Last week, the CFPB issued a Consent Order against a New Jersey based debt-collection agency (Agency) over allegations that the Agency regularly violated the FDCPA and the CFPA in the course of their collection activity.
According to the Bureau’s Consent Order, the Agency began purchasing and collecting on consumer debt beginning in 2012, and hired debt collection law firms to assist in their collection efforts by suing debtors in 2014. However, the Bureau alleges that the Agency did not have the requisite licenses necessary under state law to threaten to sue, sue and collect on judgments in three states — New Jersey, Rhode Island, and Connecticut. The Agency’s misrepresentation to debtors that they had a legal right to recover the debts owed forms the basis of the Bureau’s Consent Order.

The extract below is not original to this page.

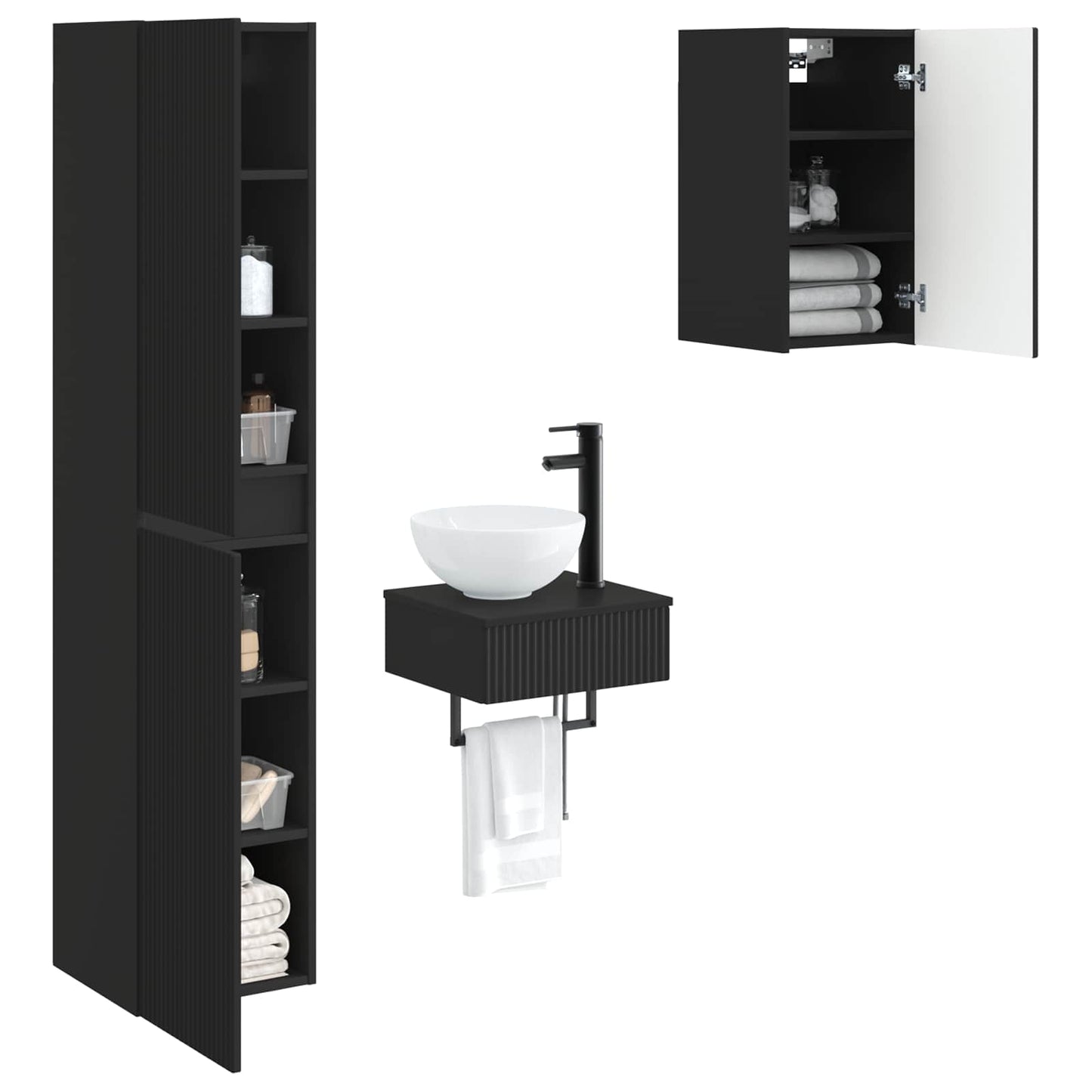 Bathroom Furniture Set 3 pcs Black 33 x 34.5 x 160 cm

In Settlement, the Order requires the Agency to refrain from any further action to collect on judgments against debtors in New Jersey, Rhode Island, and Connecticut, and that the Agency take all action necessary to vacate their existing judgments in these states. The Agency must also notify all debtors with existing agreements that their obligations under those agreements have been satisfied. Further, the Agency is subject to a civil money penalty of $204,000 to be paid to the Bureau.
In the future, the Agency is required to alert the Bureau of any developments, such as any bankruptcy or insolvency proceedings, that could affect their ability to comply with the Consent Order. In addition, the Agency is required to submit a compliance report updating the Bureau of the Agency’s work to continue to comply with the FDCPA and the CFPA within 90 days of the effective date of the Consent Order.
Although the Agency has consented to the issuance of this Order, it has done so without admitting or denying any wrongdoing, admitting only the facts necessary to establish the Bureau’s jurisdiction in this proceeding.